Friday, 6 Jumadil Awwal 1446 / 08 November 2024

Friday, 6 Jumadil Awwal 1446 / 08 November 2024

Perludem: Kebutuhan Perppu Pilkada Mendesak 

Sabtu 03 Oct 2020 13:34 WIB

Rep: Febrianto Adi Saputro/ Red: Ratna Puspita

Direktur Eksekutif Perludem Titi Anggraini

Direktur Eksekutif Perludem Titi Anggraini

Foto: Republika/Mimi Kartika
Perppu perlu atur sanksi pelanggar protokol kesehatan dan inovasi pemungutan suara.

REPUBLIKA.CO.ID, JAKARTA -- Anggota Dewan Pembina Perkumpulan untuk Pemilu dan Demokrasi (Perludem) Titi Anggraeni menilai kebutuhan terkait hadirnya Peraturan Pengganti Undang-undang (Perludem) pilkada mendesak. Hal tersebut menyusul keputusan pemerintah tetap melaksanakan pilkada serentak 9 Desember 2020.

"Ada kemendesakan yang harus direspons dengan segera oleh pemerintah, kebutuhan terhadap Perppu adalah kebutuhan obyektif kita ketika pilkada sudah diputuskan," kata Titi dalam diskusi virtual, Sabut (3/10).

Baca Juga

Titi menjelaskan, Perppu pilkada perlu mengatur dua hal. Pertama, soal sanksi tegas bagi pelanggar protokol kesehatan.
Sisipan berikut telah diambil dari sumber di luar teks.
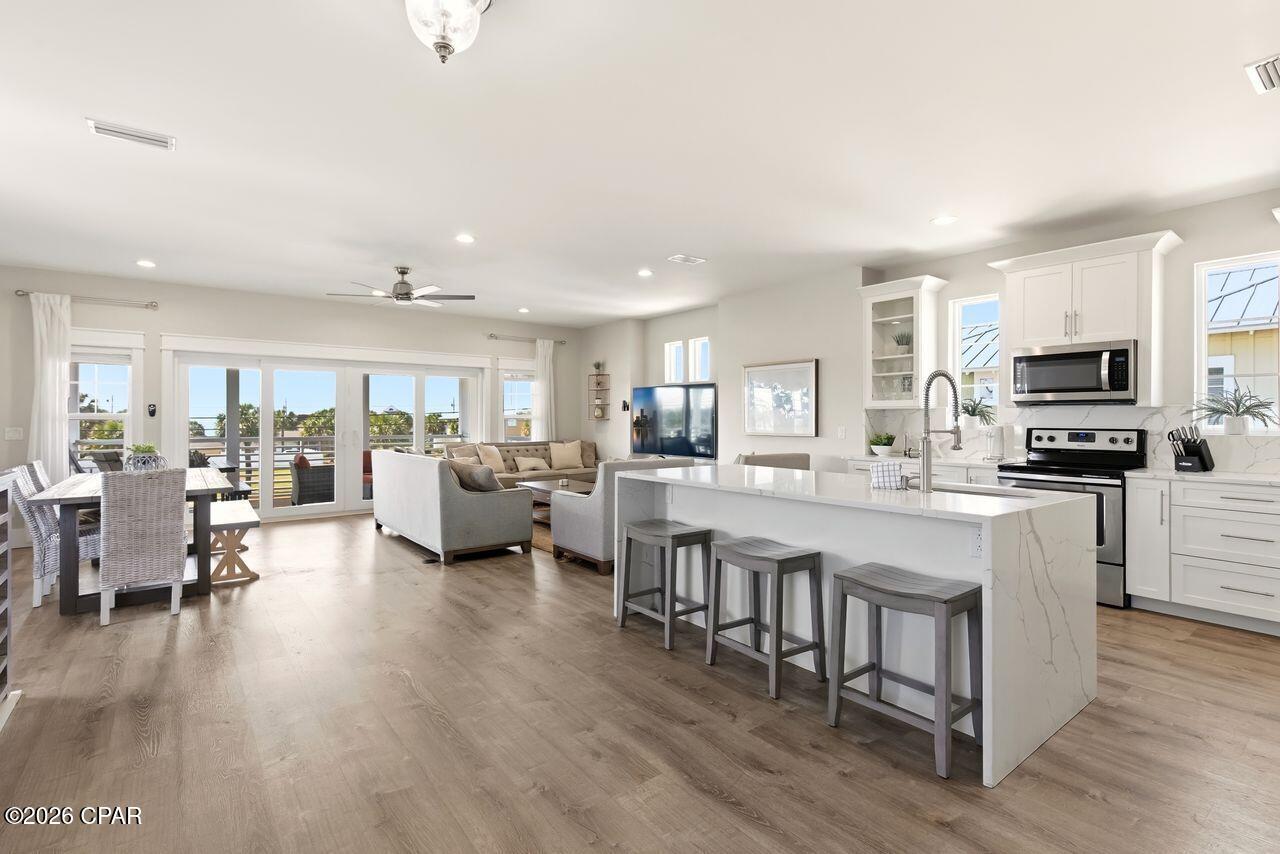 Listing photo id 11 for 5522 Thomas Drive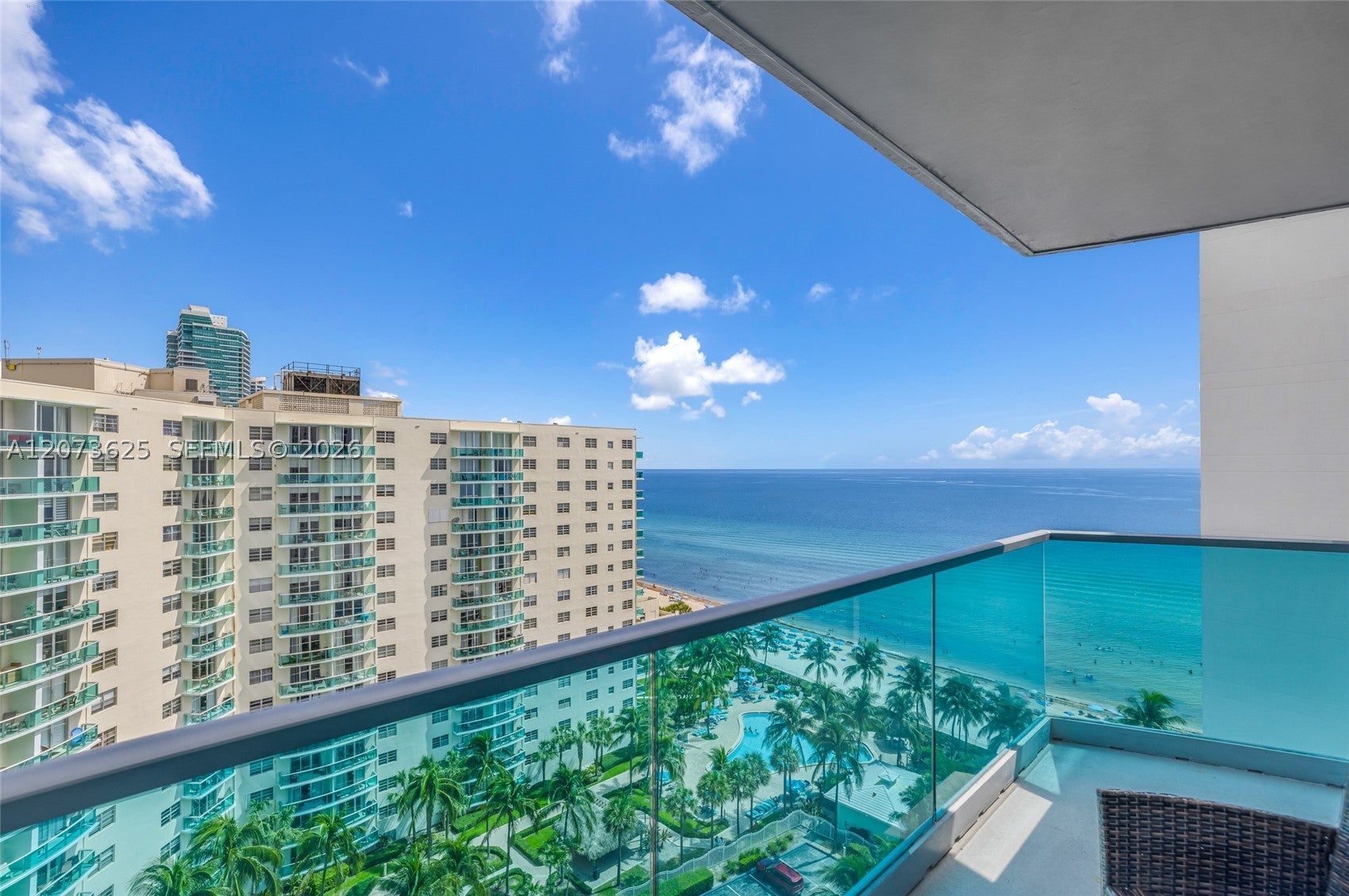 4001 S Ocean Dr 15P
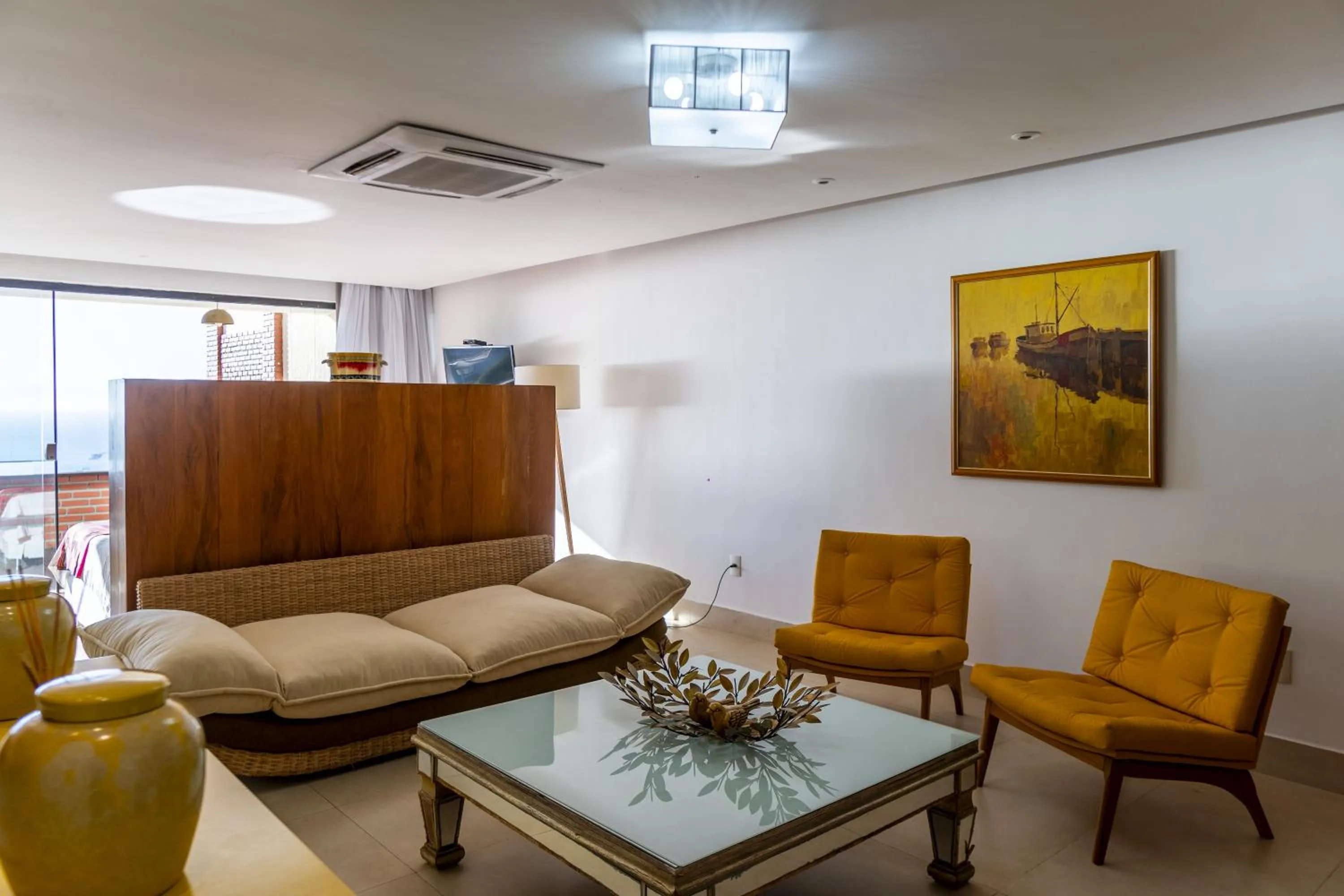 Communal lounge/ TV room in Costa do Sol Boutique Hotel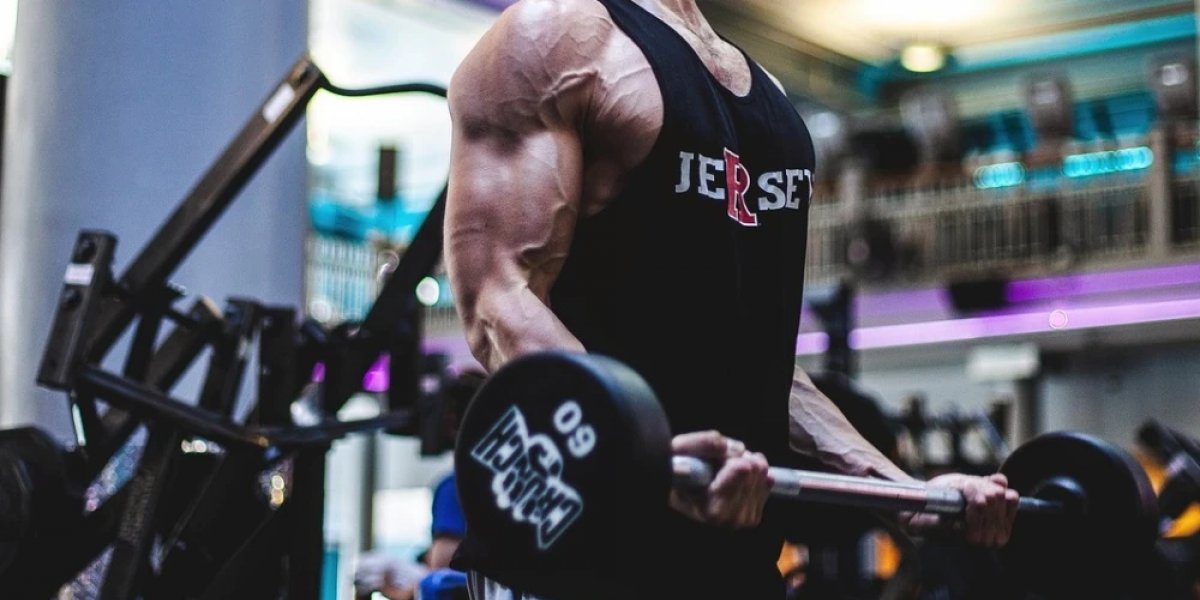 O perigo do uso indevido da tadalafila na musculação: riscos e mitos em busca de resultados rápidos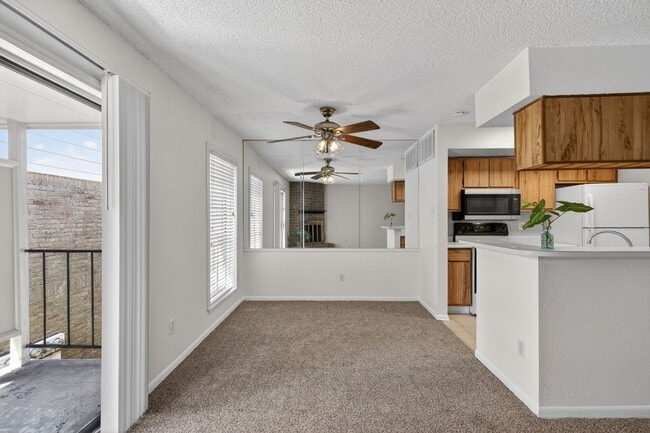 Photo - 2800 Jeanetta St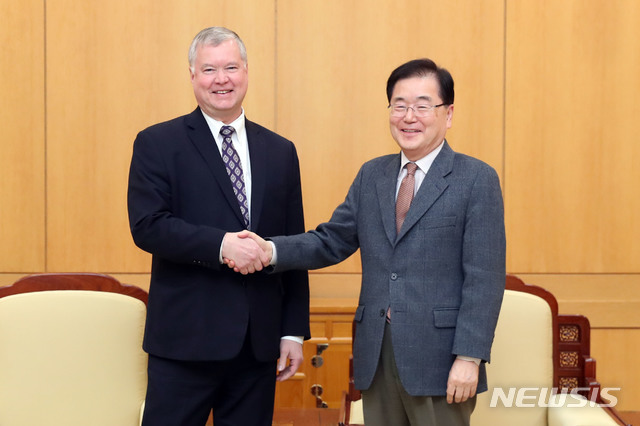 【서울=뉴시스】전신 기자 = 정의용 청와대 국가안보실장이 9일 오후 청와대 본관 백악실에서 스티븐 비건 미국 국무부 대북특별대표와 면담에 앞서 악수하고 있다. 2019.02.09. (사진=청와대 제공)&nbsp; photo@newsis.com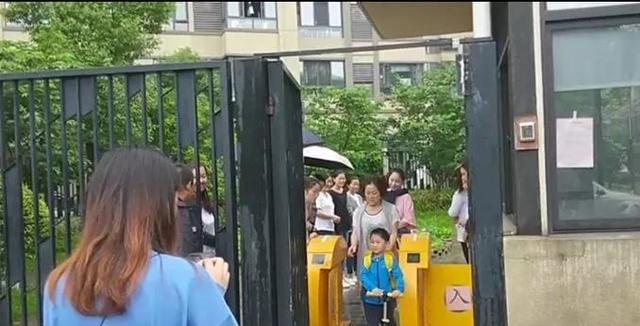 老师喂幼儿风油精,称是降温,降温应该用空调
Kedua, inovasi pemungutan suara di tengah pandemi Covid-19. "Termasuk kalau juga kita berencana menerapkan rekapitulasi suara elektronik," kata dia.

Ia mengatakan, rekapitulasi suara elektronik akan mengurangi kerumunan massa baik penghitungan rekap suara di tingkatan kecamatan maupun di tingkat berikutnya seperti kabupaten/kota. "Itu kurang cukup kalau hanya mengandalkan PKPU karena ada skema hukum terkait dengan penegakan hukum yang harus diatur," ujanya.

Dalam konteks pencegahan dampak penyebaran covid-19, Titi menilai perlu ada koordinasi antara lembaga pemilu dan penegakan hukum dalam mengatur protokol kesehatan. Jangan sampai ada pendikotomian bahwa hal tersebut merupakan ranahnya pilkada sehingga aparat penegak hukum tidak bisa mengintervensi. 

"Sebenarnya polisi masih bisa untuk melakukan perannya terkait dengan undang-undang wabah penyakit menular ataupun kekarantinaan kesehatan karena sesungguhnya tidak ada pilkada pun mereka menegakan itu, contoh (kasus) wakil ketua DPRD Tegal," tuturnya.   

Menurutnya, hal tersebut tidak bertentangan dengan undang-undang pilkada dan Peraturan KPU, sebab di dalam PKPU dalam hal memberikan sanksi tertulis dan pembubaran merupakan otoritasnya Bawaslu. Kalaupun sampai dilakukan sanksi pembubaran, ia menambahkan maka Bawaslu juga harus dilakukan berkoordinasi dengan pihak-pihak terkait yang punya otoritas. 

"Tetapi dia tidak menyentuh sama sekali kewenangan dari pihak lain yg sebenernya itu adalah the existing power yang sudah tersedia," ucapnya.

Titi mengingatkan agar perbaikan soiliditas koordinasi dan juga kesepahaman dalam melakukan aksi di lapangan perlu diperkuat. Sebab, menurutnya, masa kampanye masih ada sekitar dua bulan lebih.

"Di masa yang panjang ini, apalagi ada 94 daerah itu head-to-head, berhadap-berhadapan kampanyenya, jangan sampai kemudian menjadi trigger untuk melakukan pelanggaran karena makin hari makin dekat dengan hari-H pemungutan suara, itu yang juga harus dilakukan terkait eksekusi tindakan dari para pihak di lapangan," jelasnya.